Single by Imelda May

from the album Mayhem
- B-side: "My Baby Left Me"
- Released: June 28, 2010
- Recorded: May – June 2010 at Embassy Studios in Basingstoke, United Kingdom
- Genre: Rockabilly
- Length: 2:52
- Label: Decca
- Songwriter: Imelda May
- Producers: Imelda May, Andy Wright, Gavin Goldberg

Imelda May singles chronology
| "Big Bad Handsome Man" (2009) | "Psycho" (2010) | "Mayhem" (2010) |

Alternate cover
- Limited edition 7" pink vinyl cover

= Psycho (Imelda May song) =

"Psycho" is a song by Irish rockabilly singer Imelda May. Written solely by May, the song was released as her third single on June 28, 2010, and the lead single from her third studio album, Mayhem. The single was May's first release on her new record label, Decca.

==Origin and recording==
The song was written after the release of May's second studio album, Love Tattoo, which she was promoting on tour at the time of writing. The song was recorded during the Mayhem sessions at Embassy Studios, a sixteen track analogue recording studio in a converted cow shed, near Basingstoke, United Kingdom. A remastered version of the song was released as a bonus track on the iTunes version of Mayhem.

==Release and promotion==
"Psycho" was announced for release in May 2010 at which time the recording and production was completed. In the official press release by Decca Records, it was noted that "'Psycho' sees Imelda displaying some of her more disparate influences, as if PJ Harvey's "Sheela Na Gig" had been recorded in the Ace cafe in North London in front of a load of rockers."

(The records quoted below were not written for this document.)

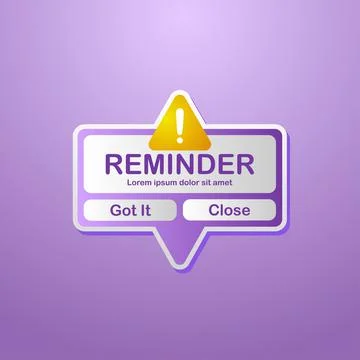 Reminder Notification Design Symbol For Digital Media Stock Illustration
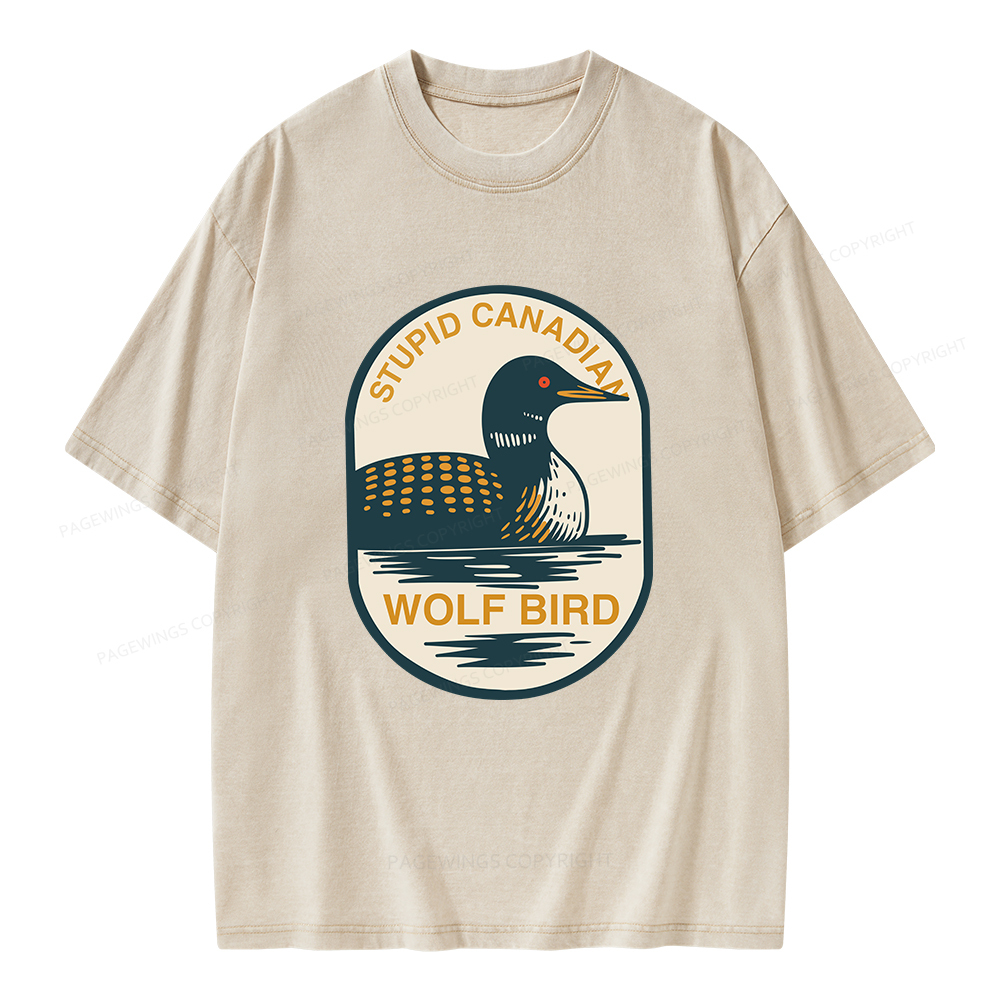Pagewings Stupid Canadian Wolf Bird Unisex Washed T-shirt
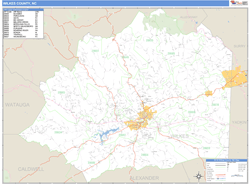 Wilkes County, NC Zip Code Wall Map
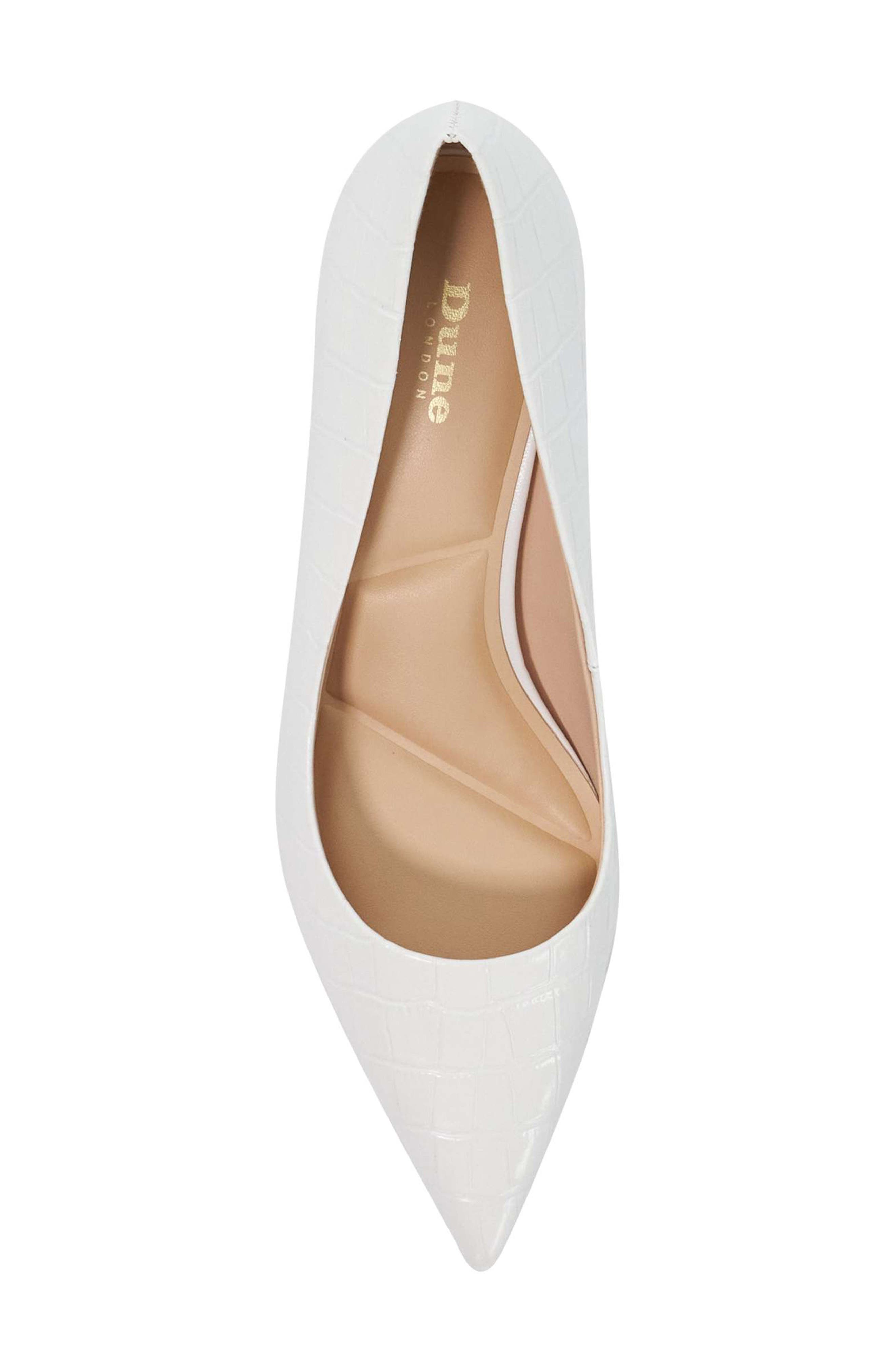 Dune London Achievable Pointed Toe Pump, Alternate, color, White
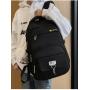 HR735 Unisex Solid Color Laptop Backpack Business Nylon College Shoulder Bag Portable Lightweight Universal Computer Schoolbag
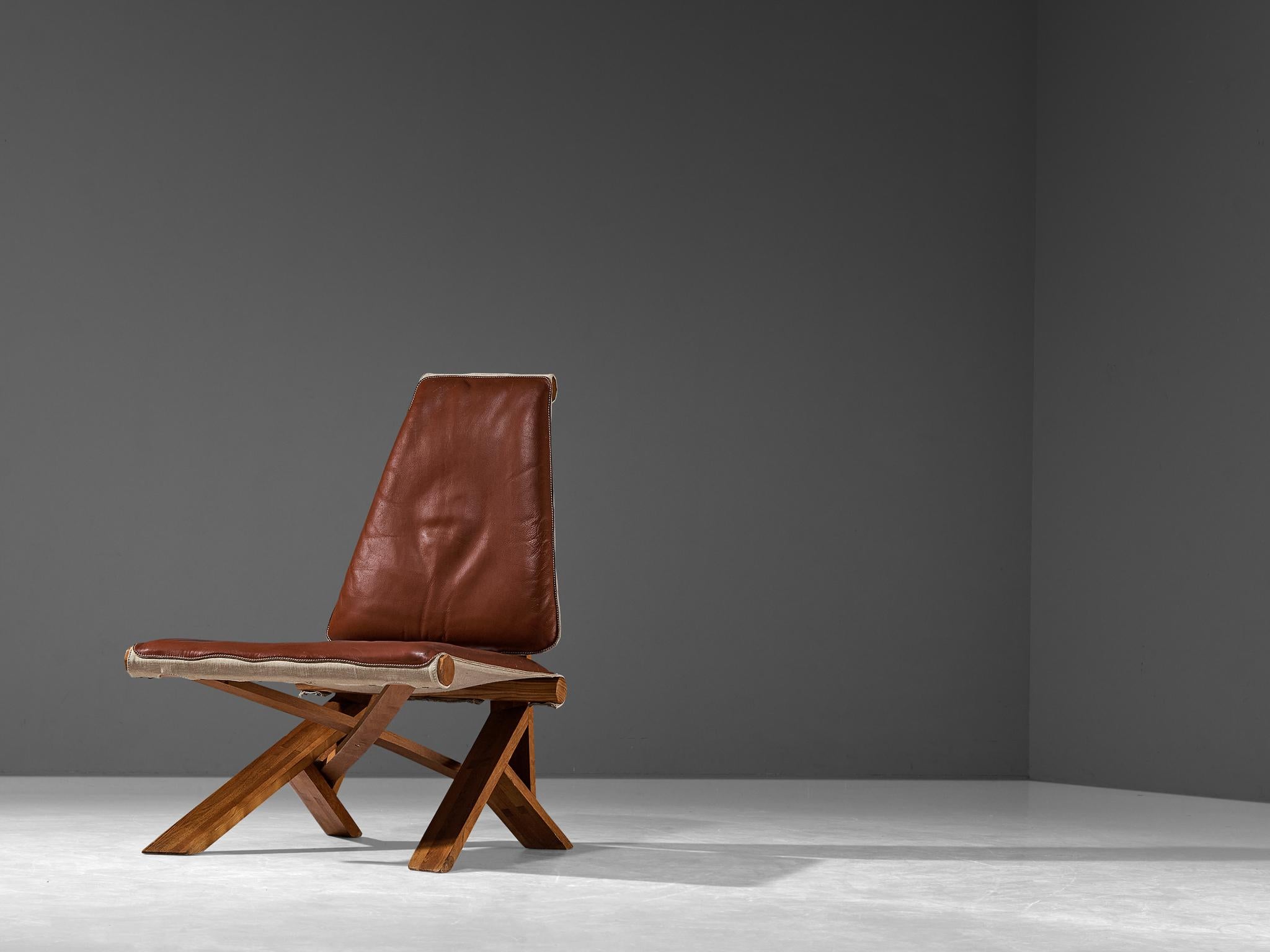 Early Pierre Chapo 'S46' Lounge Chair in Leather and Elm  3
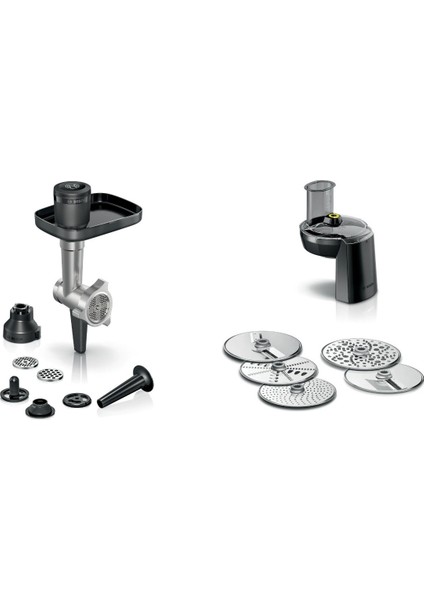 MUMS6ZS00 Serie 6 Mutfak Makinesi Uyumlu Kıyma Çekme Aparatı ve Rende Seti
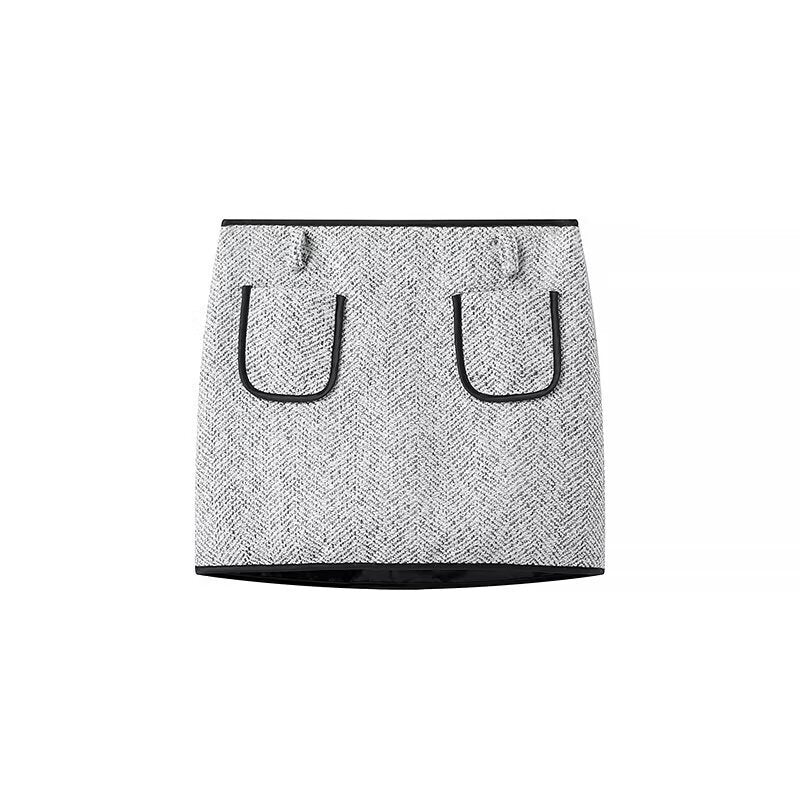 Damen Zweiteiliges Bouclé‑Tweed‑Set mit kurzem Blazer, Zierknöpfen und Minirock Shop Nory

May's following tour of the United States with Jeff Beck promoted the song abroad and in Ireland and the United Kingdom, the song was performed on The Late Late Show on September 10 and Later... with Jools Holland on October 12, respectively.

Though well-promoted in comparison to her previous singles, the single failed chart in neither Ireland nor the United Kingdom.

==Music video==
Filmed on a higher budget than her only previous music video, "Johnny Got a Boom Boom", the promotional music video for "Psycho" is aptly set in a mental institution and features May as a nurse delivering patients with medication. The video also features The Imelda May Band performing in a solitary confinement room.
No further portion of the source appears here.